Only the lines from the one containing "Coque Samsung Galaxy" through the final line below belong in the output, copied exactly and without pictures.
***
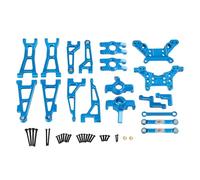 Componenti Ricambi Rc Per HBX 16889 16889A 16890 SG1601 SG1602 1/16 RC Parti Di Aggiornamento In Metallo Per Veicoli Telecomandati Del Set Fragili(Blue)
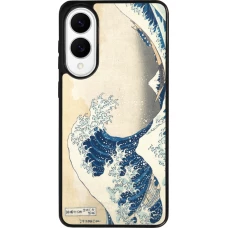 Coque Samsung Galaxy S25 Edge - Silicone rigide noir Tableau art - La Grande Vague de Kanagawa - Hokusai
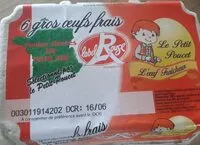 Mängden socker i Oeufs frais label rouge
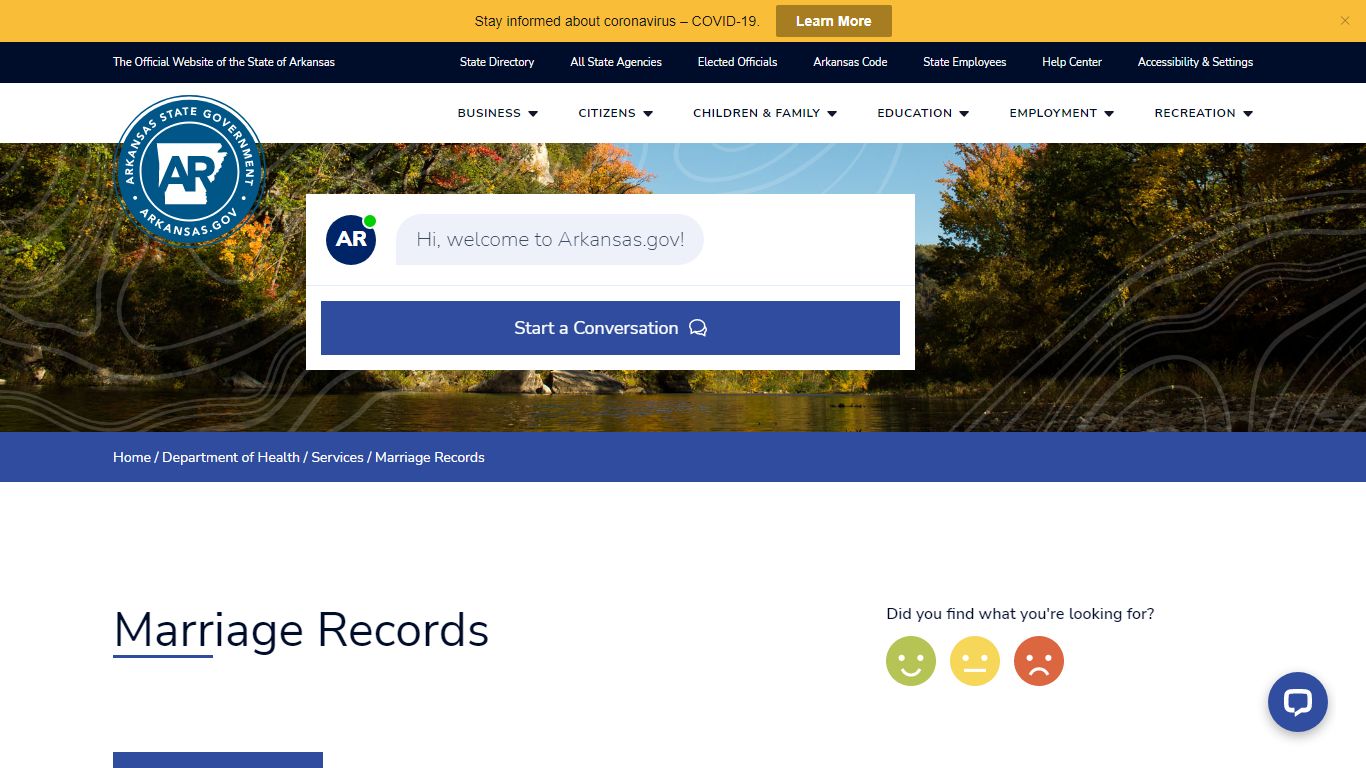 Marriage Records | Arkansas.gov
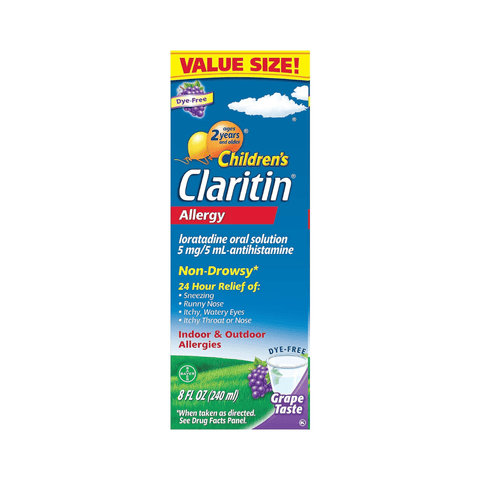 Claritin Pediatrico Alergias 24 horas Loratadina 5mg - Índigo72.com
***
[Worked solution]
 Coque Samsung Galaxy S25 Edge - Silicone rigide noir Tableau art - La Grande Vague de Kanagawa - Hokusai
 Mängden socker i Oeufs frais label rouge
 Marriage Records | Arkansas.gov
 Claritin Pediatrico Alergias 24 horas Loratadina 5mg - Índigo72.com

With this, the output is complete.